Posted on 07/05/2023 3:09:48 PM PDT by george76
The latest chapter in the Meghan character arc is about the content she and hapless Harry are trying to pitch to their paymasters in Beverly Hills.
Not all fairy tales have happy endings, and for Princess Meghan the clock just chimed midnight and the spell has been broken. The coach is turning back into a pumpkin as we speak.
As a longtime Royal Family watcher, I admit to feeling shameless glee as I read the recent stories of Meghan and Harry striking out in Hollywood. It’s always fun to watch dire low-stakes predictions come true. Like many of you, I was appalled at the disrespect Meghan showed to her in-laws. Instead of respecting the Queen, Meghan, incredibly, seemed to be trying to compete with the Queen. She thought she was playing a game of “Survivor,” but she was the only one on the island who didn’t know how to make a fire.
A Long Way Down for the Duchess..
For those not keeping track, Meghan and her nitwit ginger sidekick have been dropped by Spotify, reportedly losing half of the $50 million promised. She got $25 million for a measly 12 hours of a middling podcast featuring the richest and most famous women in the world complaining about how hard their lives are. Netflix is reportedly about to cut their $100 million deal short.

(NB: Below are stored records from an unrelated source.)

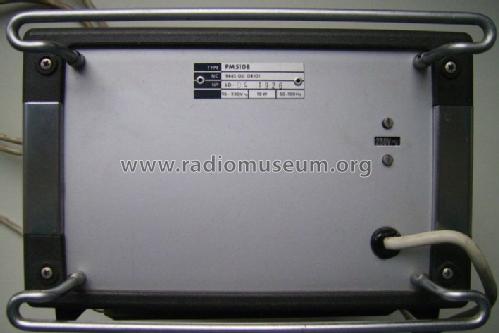 Function Generator PM5108; Philips Radios - (ID = 1369784) Equipment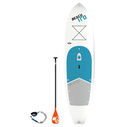 11' Tough-Tec Beach Stand-Up Paddleboard Package image number 0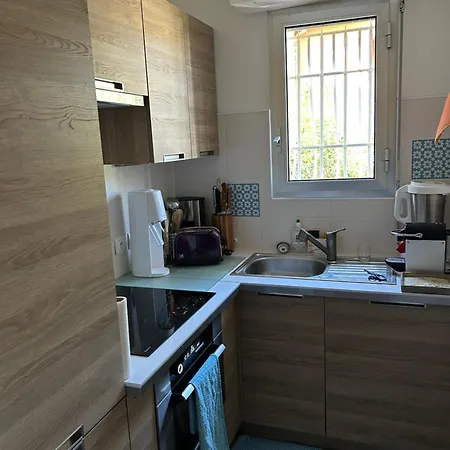 Valescure Au Cœur Des Golfs Appartement *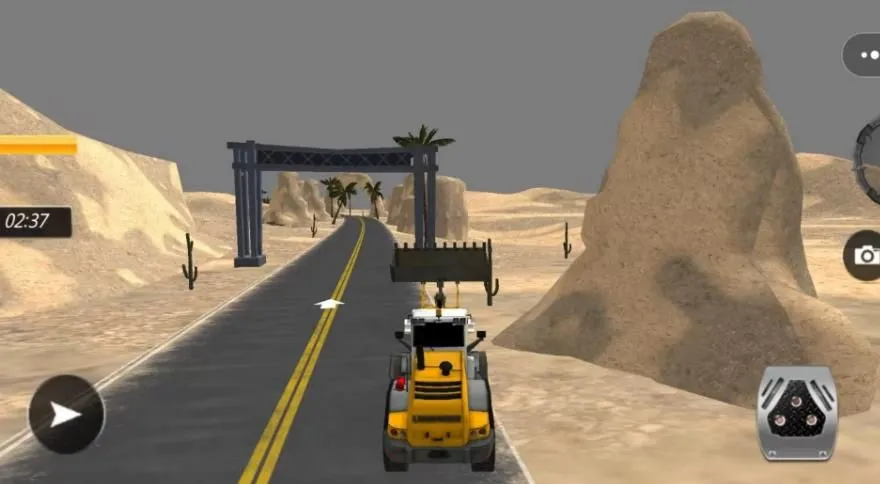 3D�ھ����ʻģ��2026�ٷ����°汾v1.0 �ֻ����ͼ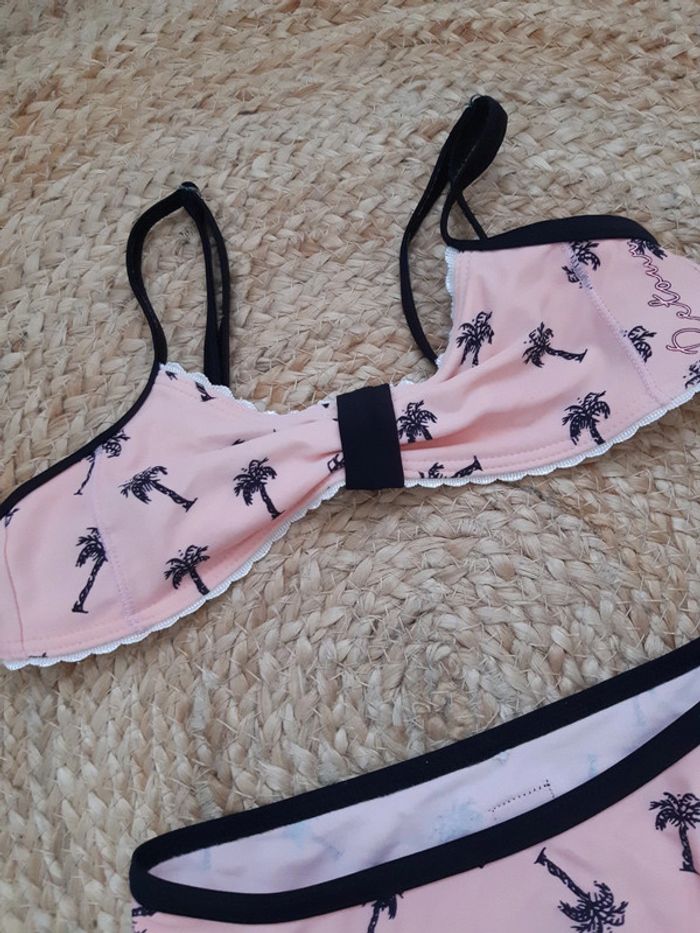 Maillot de bain 2 pièces 8 ans - photo numéro 3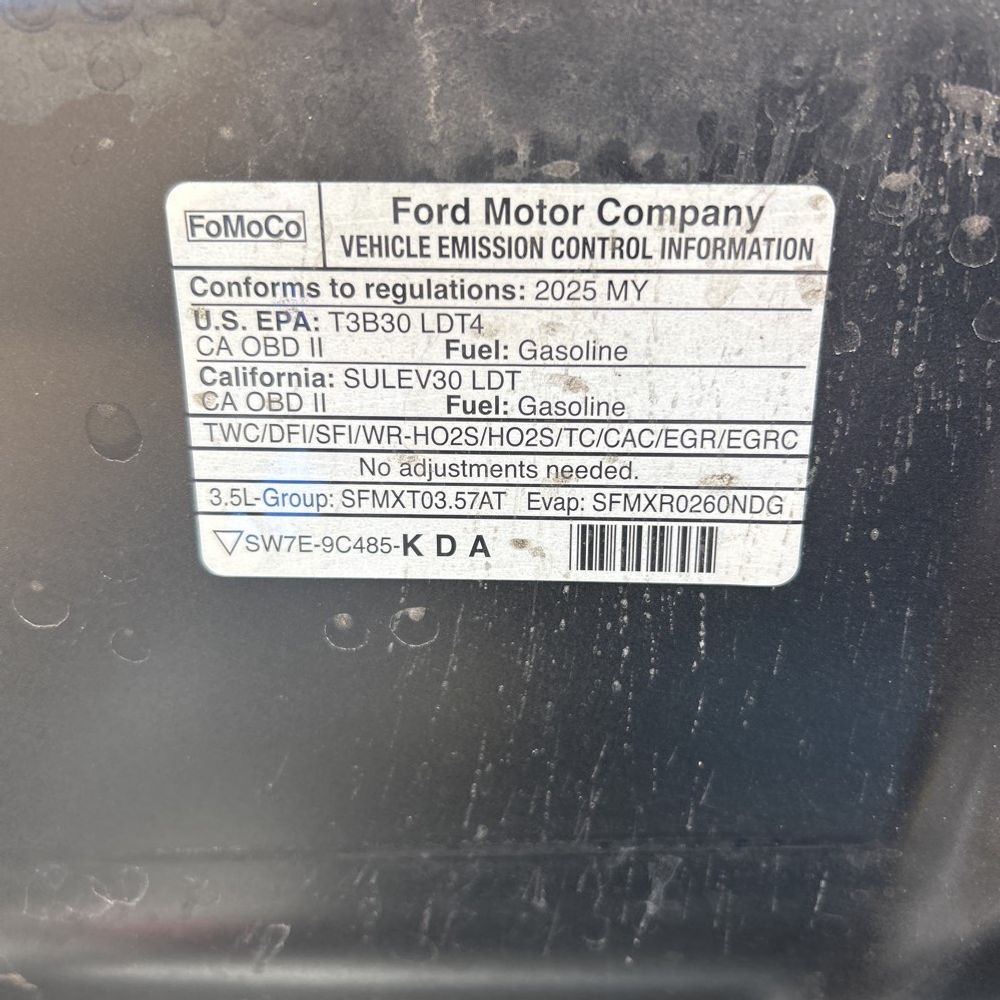 2025 Ford F-150 - Image 30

They finished milking them dry of low-hanging tabloid family gossip, and just found out they have no Act 2.
Nothing is working out the way she dreamed it would. Meghan’s imagined billionaire lifestyle is turning into a mirage. Why? Because for some hilarious reason, the creative bigwigs in Hollywood believed Meghan when she promised that her and Harry would be able to provide oodles of monetizable entertainment content.
I mean, yes, I am quite entertained by the spectacle, but schadenfreude is tough to monetize.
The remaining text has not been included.